_Data block_.
******************************
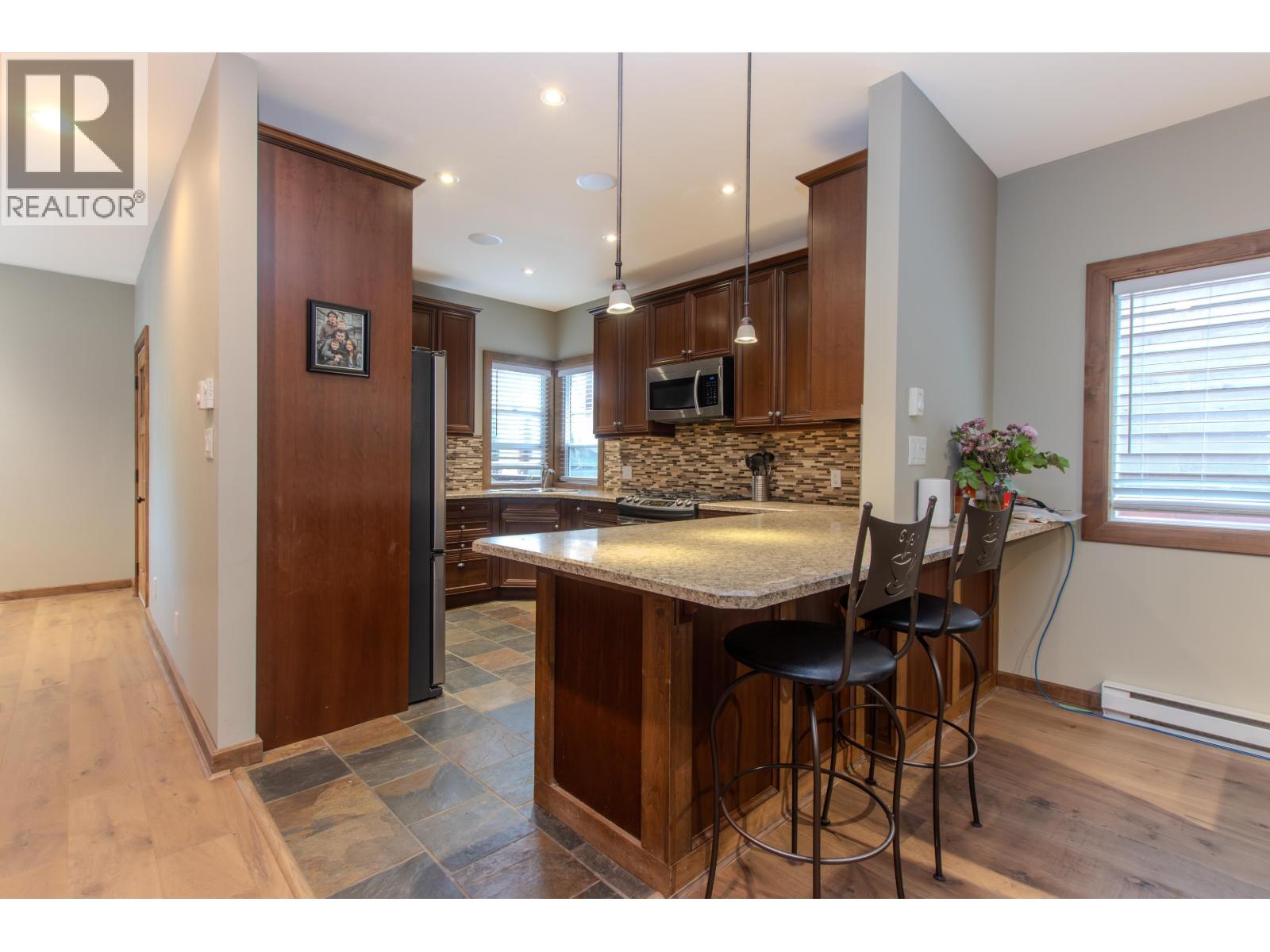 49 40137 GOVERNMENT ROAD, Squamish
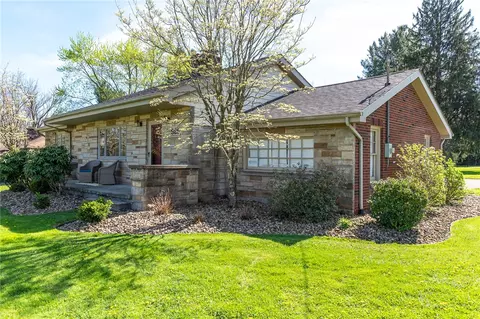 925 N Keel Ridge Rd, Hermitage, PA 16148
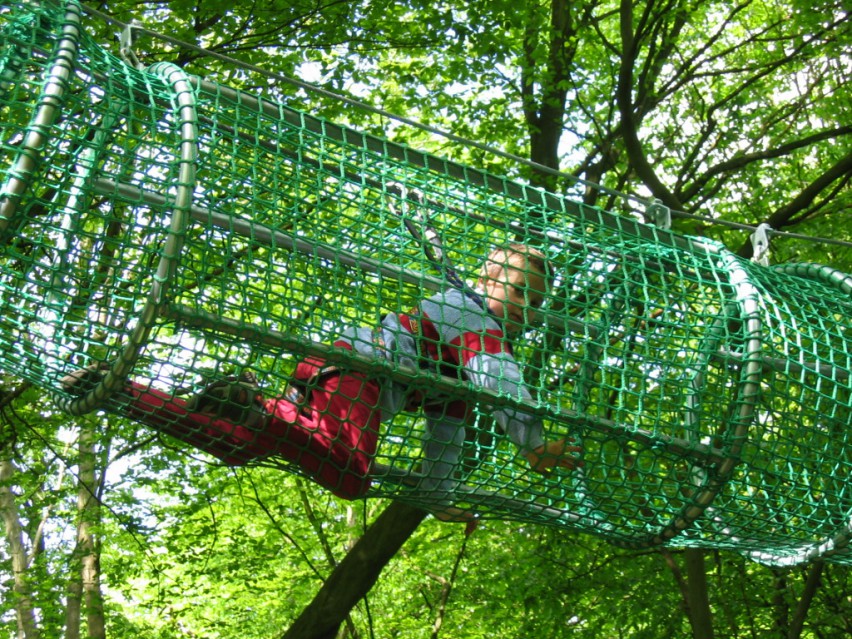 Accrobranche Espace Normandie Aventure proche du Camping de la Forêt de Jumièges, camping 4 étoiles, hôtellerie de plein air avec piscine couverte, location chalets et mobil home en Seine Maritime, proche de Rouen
******************************
_Task directions_.
Transcribe all the lines above exactly; any image among them is skipped.

_Your response_.
 49 40137 GOVERNMENT ROAD, Squamish
 925 N Keel Ridge Rd, Hermitage, PA 16148
 Accrobranche Espace Normandie Aventure proche du Camping de la Forêt de Jumièges, camping 4 étoiles, hôtellerie de plein air avec piscine couverte, location chalets et mobil home en Seine Maritime, proche de Rouen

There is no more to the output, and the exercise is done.